Is there a standard way to extend the output of a hash?

Question

Say I have a hash function, a state-of-the-art hash function that we would all approve of that produces a fixed number of bits (n) as output. (I'll call it HASH.)

Is there are a standard way to produce a different number of bits from this building block? (I'd prefer it if HASH is treated as a black-box component that can't be modified internally.)

If I wanted less than n, I could just use as many bits from the output I want, ignoring the rest. (I think SHA-224 does this internally.) But what if I want more than n?

Or to put it another way, can I call (say) SHA256 sixteen times and produce something that's just as good (other than for speed) as a hypothetical SHA4096 would be?

Answer 1

If you assume the hash function as block box with no known preimage attack, then you can do the following to get a "more secure" hash:

• You have a message $m$ and a hash function $h(\cdot)$, and you want to extend the hash length by factor $k$.
• Assuming the hash function as block box, you don't change anything if you add a fixed prefix or suffix to the input string.
• However, if the prefix or suffix is different, you will get a random different output.
• Therefore if you have e.g. $h_0=h(m|0)$ and $h_1=(m|1)$, it should be even harder to find a common preimage $m$ than for a single hash function.
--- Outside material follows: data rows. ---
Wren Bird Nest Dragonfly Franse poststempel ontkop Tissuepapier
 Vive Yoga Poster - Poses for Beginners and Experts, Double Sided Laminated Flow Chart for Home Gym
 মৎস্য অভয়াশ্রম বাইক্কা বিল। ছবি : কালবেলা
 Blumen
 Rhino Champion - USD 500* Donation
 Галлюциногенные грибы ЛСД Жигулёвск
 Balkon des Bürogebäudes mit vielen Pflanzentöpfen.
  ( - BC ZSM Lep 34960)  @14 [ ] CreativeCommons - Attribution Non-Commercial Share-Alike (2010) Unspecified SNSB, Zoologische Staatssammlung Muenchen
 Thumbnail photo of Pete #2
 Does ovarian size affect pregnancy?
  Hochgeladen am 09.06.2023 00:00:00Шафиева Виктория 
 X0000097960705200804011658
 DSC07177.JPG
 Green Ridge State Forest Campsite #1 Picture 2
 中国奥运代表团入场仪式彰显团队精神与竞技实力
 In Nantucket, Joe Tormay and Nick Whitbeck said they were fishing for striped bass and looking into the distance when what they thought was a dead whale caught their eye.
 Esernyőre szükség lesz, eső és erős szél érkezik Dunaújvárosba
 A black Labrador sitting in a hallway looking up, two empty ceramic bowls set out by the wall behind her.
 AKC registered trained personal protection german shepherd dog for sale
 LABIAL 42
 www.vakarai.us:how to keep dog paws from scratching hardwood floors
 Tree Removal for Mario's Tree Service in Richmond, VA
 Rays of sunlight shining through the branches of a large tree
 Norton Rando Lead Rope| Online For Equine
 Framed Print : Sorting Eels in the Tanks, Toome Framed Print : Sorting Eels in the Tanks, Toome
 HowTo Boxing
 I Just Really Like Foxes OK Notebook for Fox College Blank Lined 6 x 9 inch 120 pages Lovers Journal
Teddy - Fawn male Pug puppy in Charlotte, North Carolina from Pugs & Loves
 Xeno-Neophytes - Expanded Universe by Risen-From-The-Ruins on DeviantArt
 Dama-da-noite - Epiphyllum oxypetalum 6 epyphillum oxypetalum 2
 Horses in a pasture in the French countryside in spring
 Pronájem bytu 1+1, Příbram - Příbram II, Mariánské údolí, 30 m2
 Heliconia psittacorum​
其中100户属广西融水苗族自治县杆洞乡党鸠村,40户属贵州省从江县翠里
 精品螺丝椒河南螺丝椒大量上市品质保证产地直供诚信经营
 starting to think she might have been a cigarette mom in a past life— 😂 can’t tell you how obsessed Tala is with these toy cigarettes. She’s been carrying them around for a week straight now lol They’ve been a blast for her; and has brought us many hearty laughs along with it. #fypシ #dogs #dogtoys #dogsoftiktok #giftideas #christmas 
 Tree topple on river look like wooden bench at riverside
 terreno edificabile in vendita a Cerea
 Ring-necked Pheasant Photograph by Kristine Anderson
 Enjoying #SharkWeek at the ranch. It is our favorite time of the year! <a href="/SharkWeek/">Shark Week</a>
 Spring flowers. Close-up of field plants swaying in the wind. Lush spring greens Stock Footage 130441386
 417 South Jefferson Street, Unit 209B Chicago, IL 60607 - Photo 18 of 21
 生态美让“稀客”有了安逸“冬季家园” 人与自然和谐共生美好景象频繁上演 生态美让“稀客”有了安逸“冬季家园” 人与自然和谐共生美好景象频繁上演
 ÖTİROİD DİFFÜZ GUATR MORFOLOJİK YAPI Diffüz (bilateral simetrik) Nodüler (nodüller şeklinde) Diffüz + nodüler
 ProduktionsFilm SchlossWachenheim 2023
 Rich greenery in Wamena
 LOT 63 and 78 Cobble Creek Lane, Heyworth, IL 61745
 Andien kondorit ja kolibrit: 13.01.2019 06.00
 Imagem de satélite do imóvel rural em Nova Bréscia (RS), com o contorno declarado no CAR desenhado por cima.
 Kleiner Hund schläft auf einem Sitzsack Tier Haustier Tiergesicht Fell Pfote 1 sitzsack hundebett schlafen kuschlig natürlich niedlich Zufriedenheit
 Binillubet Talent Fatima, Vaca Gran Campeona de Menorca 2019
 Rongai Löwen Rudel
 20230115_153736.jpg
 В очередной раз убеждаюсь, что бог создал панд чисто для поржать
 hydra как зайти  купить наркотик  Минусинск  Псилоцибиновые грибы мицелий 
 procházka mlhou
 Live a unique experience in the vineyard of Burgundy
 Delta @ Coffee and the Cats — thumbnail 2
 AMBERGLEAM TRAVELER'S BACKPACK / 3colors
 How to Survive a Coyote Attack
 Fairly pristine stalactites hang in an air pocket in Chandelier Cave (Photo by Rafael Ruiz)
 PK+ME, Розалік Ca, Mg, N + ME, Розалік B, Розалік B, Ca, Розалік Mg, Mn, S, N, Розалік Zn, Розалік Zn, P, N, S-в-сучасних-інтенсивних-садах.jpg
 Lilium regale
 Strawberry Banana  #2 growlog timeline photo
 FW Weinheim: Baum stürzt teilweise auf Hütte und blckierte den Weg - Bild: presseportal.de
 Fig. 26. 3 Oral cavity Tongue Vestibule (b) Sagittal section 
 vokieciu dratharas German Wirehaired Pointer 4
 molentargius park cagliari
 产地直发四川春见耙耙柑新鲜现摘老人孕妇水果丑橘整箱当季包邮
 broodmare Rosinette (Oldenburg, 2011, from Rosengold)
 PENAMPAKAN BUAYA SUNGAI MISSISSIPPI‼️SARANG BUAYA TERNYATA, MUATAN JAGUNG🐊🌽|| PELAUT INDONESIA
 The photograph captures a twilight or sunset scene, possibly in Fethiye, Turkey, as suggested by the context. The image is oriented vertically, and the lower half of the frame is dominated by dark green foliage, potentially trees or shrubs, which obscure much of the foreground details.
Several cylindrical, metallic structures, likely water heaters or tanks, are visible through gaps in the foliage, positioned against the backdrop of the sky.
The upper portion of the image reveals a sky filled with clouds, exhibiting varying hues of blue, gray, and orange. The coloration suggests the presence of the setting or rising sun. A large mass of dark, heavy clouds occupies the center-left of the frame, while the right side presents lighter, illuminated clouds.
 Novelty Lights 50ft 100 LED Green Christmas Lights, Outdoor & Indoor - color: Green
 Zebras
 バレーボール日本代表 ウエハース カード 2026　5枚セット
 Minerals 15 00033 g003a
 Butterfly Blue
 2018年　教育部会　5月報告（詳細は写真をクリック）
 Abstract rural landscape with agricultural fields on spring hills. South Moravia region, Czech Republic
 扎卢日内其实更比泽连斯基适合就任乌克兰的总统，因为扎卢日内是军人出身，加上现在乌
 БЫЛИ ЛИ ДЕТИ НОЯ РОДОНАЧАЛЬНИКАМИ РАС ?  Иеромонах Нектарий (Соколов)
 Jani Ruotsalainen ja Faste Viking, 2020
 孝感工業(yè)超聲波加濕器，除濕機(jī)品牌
But I have no idea how much harder it actually gets. But if you assume a random oracle for the hash function, and find a preimage for $h(m)$ after testing $x$ values in average, the common preimage should be found after testing $x^2$ values.

This leaves us with this formula (the suffix number inside the hash functions should be fixed size bitstrings):
$h'(m):=h(m|1)\,|\,h(m|2)\,|\,...\,|\,h(m|k)$

Finding a preimage or a collision then is not reduced to finding a match for a single input to the hash function but to several.

Answer 2

What you want is a PRF. For example, the one described in the TLS 1.2 RFC, which is defined as follows:

P_hash(secret, seed) = HMAC_hash(secret, A(1) + seed) +
                             HMAC_hash(secret, A(2) + seed) +
                             HMAC_hash(secret, A(3) + seed) + ...

where + indicates concatenation.

A() is defined as:

    A(0) = seed
    A(i) = HMAC_hash(secret, A(i-1))

P_hash can be iterated as many times as necessary to produce the
required quantity of data.  For example, if P_SHA256 is being used to
create 80 bytes of data, it will have to be iterated three times
(through A(3)), creating 96 bytes of output data; the last 16 bytes
of the final iteration will then be discarded, leaving 80 bytes of
output data.

This is built on HMAC, which can be used with any hash function of your choice. As described above, the result of the procedure is truncated after a sufficient amount of data has been generated, leaving the desired number of bytes as output.

Answer 3

If you believe it's ready for prime time, you could use Keccak, which provides as much output as you care to have.

Answer 4

If you just want long identifiers you could do $s = h(m) | h(h(m)) | \ldots$ and that's pretty fast for most uses (probably barring some embedded applications) but of course it's not as good as the hypothetical SHA4096 because each appended block is an "echo" of the previous one. In this case for $s=s_1 | s_2 | \ldots$ finding $s_a$ gives you $s_{a+1}, \ldots, s_n$

I think the best way to do this is by combining multiple hash functions (you'll notice that question has no accepted answer) or by using a hardcore predicate to extend your output by 1 bit at a time:

$$s=H(m, n) : h(m) | b(m_1), \ldots, b(m_n)$$

For a quick-and-dirty solution (this may be wrong - see below) let's consider a family of functions $h_1, h_2, ... \in h$, assuming the differences between them isn't just the point of truncation (as is the case with SHA256 and SHA512), and that all of them are as secure as the most secure function, output

$$s = h_1(m) | h_2(m) | \ldots$$

If $m$ is long enough you could split it up in parts and use $m_n$ for each $h_n$, but this also affects brute-force time, because the adversary now can use recovered pieces as "hints" to aid him in finding the others.

tl;dr: If we were to treat hash functions as black-boxes, for any fixed-length hash function I think your question boils down to combining a number of them.